He went on to propose remedies.
It wasn’t high drama or aimed at any political base, just a plain assessment of Honolulu’s pressing concerns and how he thinks the city government can help.
His audience, which included other top Hawaii leaders, listened respectfully.
It was city government — all levels of government, actually — at its most nuts-and-bolts: a pooling of resources to address mutual needs for the common good, the heart of our society.
I compared Blangiardi’s focus with Donald Trump’s State of the Union speech, 100 minutes of gloating about his election, mocking his predecessor, exaggerating his achievements, taunting opponents with juvenile insults and schoolyard threats of revenge, engaging in self-pity, rehashing old personal grievances and bashing easy scapegoats like transgenders and immigrants for the offense of wishing for life, liberty and the pursuit of happiness.

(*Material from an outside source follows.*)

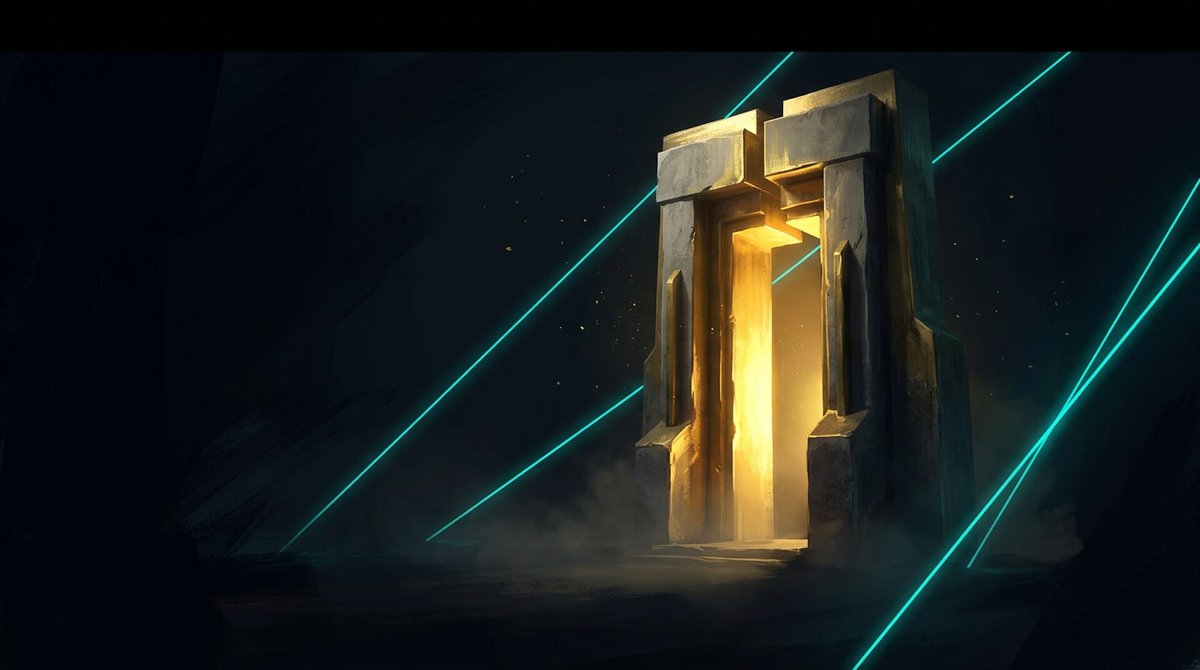 TEMPO CARD tweet media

New policy proposals were few, and there was sparse talk of the kinds of critical and tangible public services Blangiardi spoke of, especially those being lost to the Elon Musk-led undoing of meat-and- potatoes agencies such as the Federal Aviation Administration, Department of Education, Federal Emergency Management Agency, Department of Veterans Affairs and Social Security Administration.
Half the audience cheered wildly and the other half heckled as Americans viewed this extravagant display of how unmoored we’ve become from our founding principles. It’s not only democracy at risk, but also our basic civilization — a people bound together in a shared way of life supported by organized social and political structures.

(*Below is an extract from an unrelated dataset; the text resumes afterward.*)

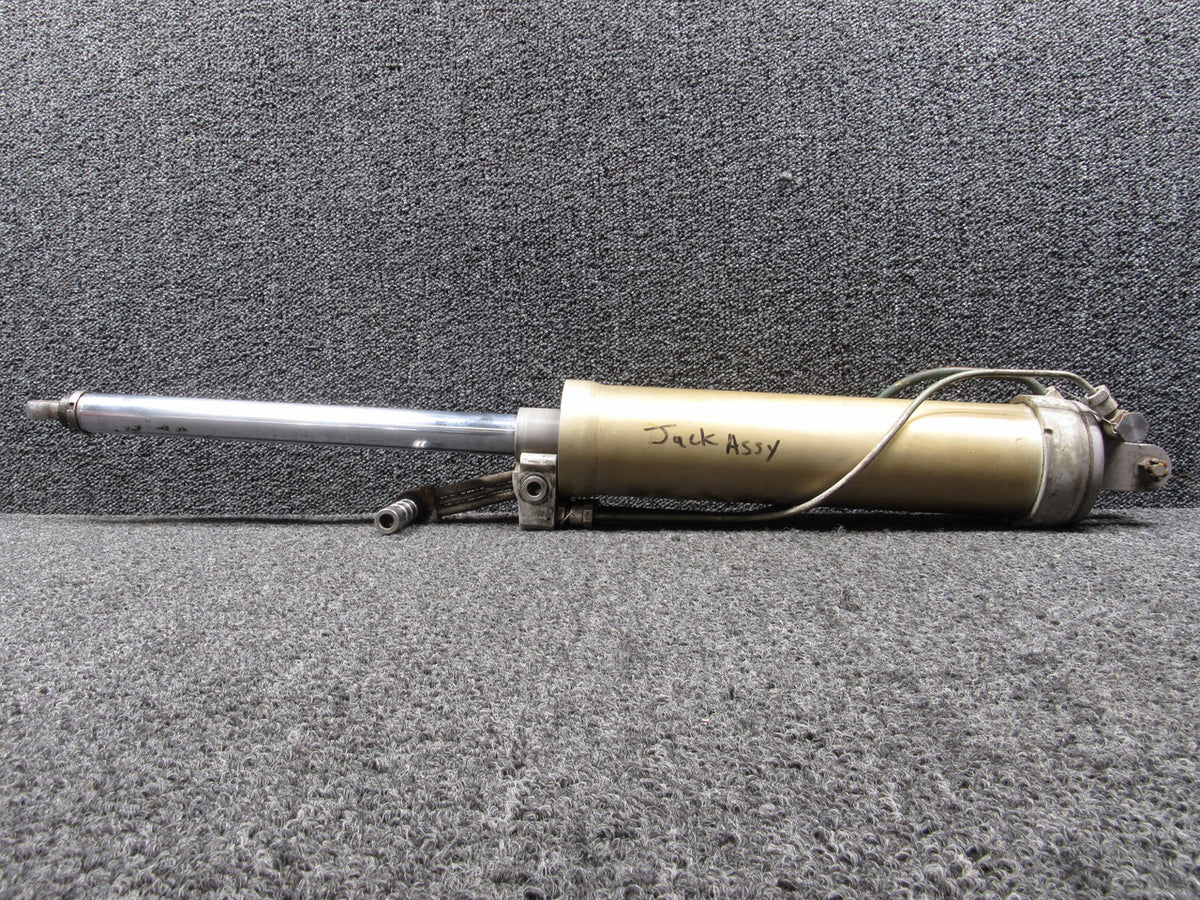 MO091525JB-11JL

What struck me from Blangiardi’s remarks is that part of the solution to the national crisis might be for the federal government to start acting more like a municipal government with a keen-eyed focus on solving practical problems instead of ideological abstractions.
It’s not the job of our national government to re- litigate the Civil War, stoke a new culture war or entertain the extremes of our society with performative governance modeled on the crudest reality TV. It’s the job of the federal government to use the massive resources at its disposal to address real needs common to most Americans.
Nothing will stop our elected leaders from fighting their politically profitable culture wars in these polarized times, but it doesn’t have to be the main pursuit.
These skirmishes don’t need to stop the government from competently fulfilling such basic functions as keeping people safe, preventing airplanes from falling out of the sky, insuring our food doesn’t include rat droppings, delivering the mail and making sure proper benefits get to Social Security recipients and military veterans. Everybody should want that.
If leaders focused more on these functions and got them working smoothly for the benefit of all Americans, perhaps it would relieve some of the anger at government and put us in a better state of mind to deal constructively with the divisive social issues.